I'm pretty sure single precision (SP) numbers, along with the typical 4- and 8-byte signed and unsigned integers are all a subset of the representable numbers in double precision (DP), so I think computing the number of representable numbers in DP would answer the question. Let's assume IEEE double precision, a very typical architecture found on most machines : 1 sign bit, 11 exponent ($e$) bits and 52 mantissa bits.

First, the normalized numbers (assumed leading 1 in the mantissa). With 52 available bits, there are $2^{52}$ different mantissas possible. For each mantissa there is an exponent associated with it.

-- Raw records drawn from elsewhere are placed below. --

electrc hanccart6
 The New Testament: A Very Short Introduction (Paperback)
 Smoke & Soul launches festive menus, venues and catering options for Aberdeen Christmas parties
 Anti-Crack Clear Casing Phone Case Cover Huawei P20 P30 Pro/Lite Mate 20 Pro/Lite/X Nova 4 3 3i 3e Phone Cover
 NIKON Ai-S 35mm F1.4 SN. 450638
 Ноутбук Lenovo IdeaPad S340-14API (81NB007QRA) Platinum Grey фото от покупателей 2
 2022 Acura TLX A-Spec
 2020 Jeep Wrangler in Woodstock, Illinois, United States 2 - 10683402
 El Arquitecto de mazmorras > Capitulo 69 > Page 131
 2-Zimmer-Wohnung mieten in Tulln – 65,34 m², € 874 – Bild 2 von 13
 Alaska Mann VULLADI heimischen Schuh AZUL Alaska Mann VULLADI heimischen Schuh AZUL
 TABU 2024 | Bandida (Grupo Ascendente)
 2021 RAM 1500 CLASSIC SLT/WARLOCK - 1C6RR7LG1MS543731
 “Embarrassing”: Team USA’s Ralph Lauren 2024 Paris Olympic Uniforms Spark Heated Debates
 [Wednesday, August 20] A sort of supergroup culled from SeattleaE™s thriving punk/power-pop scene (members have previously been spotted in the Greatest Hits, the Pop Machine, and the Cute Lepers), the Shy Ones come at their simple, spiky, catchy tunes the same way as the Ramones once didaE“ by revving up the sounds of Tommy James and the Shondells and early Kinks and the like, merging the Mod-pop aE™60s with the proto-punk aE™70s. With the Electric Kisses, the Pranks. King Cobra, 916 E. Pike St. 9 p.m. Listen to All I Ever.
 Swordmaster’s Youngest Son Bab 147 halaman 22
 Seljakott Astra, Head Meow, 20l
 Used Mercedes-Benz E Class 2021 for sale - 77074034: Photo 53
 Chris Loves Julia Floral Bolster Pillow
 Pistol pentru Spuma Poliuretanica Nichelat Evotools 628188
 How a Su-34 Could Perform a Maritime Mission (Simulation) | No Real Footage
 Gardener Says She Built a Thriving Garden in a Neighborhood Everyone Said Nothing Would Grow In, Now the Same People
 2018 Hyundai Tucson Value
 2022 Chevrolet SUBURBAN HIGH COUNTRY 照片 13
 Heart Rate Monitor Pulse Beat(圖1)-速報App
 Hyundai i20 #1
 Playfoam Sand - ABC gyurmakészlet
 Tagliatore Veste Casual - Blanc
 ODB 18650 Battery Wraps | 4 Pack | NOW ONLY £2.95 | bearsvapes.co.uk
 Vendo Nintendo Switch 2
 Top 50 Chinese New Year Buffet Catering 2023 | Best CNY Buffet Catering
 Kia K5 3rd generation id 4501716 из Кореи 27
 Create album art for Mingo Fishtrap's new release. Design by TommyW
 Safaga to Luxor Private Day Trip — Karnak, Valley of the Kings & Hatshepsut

Note $e \in [0, 2047]$ for IEEE DP, but $e=0$ and $e=2047$ have special meanings ($0$, $NaN$, subnormalized numbers and $\pm \infty$, depending on the mantissa). So we actually have $2046$ different exponents available for normalized numbers. Also for each mantissa there are 2 signs available, $+$ and $-$.

Next, the subnormalized numbers (no leading 1 assumed in mantissa). Each subnormalized number still has $2^{52}$ bits available, but are characterized by $e = 0$, so only one available value for $e$. Again for each mantissa there are 2 signs available, $+$ and $-$.

Finally, the four special values $0$, $NaN$, $+\infty$ and $-\infty$ can be represented.

Putting these together, there are total of $$ 2 \cdot 2046 \cdot 2^{52} + 2 \cdot 2^{52} + 4 = 1.8437736874454810628E19 $$ (18.4 quintillion!) numbers representable on a typical computer.

Does this seem correct? Does anyone know of a good resource to verify it? I'm afraid I double counted something, or left a significant set of numbers out.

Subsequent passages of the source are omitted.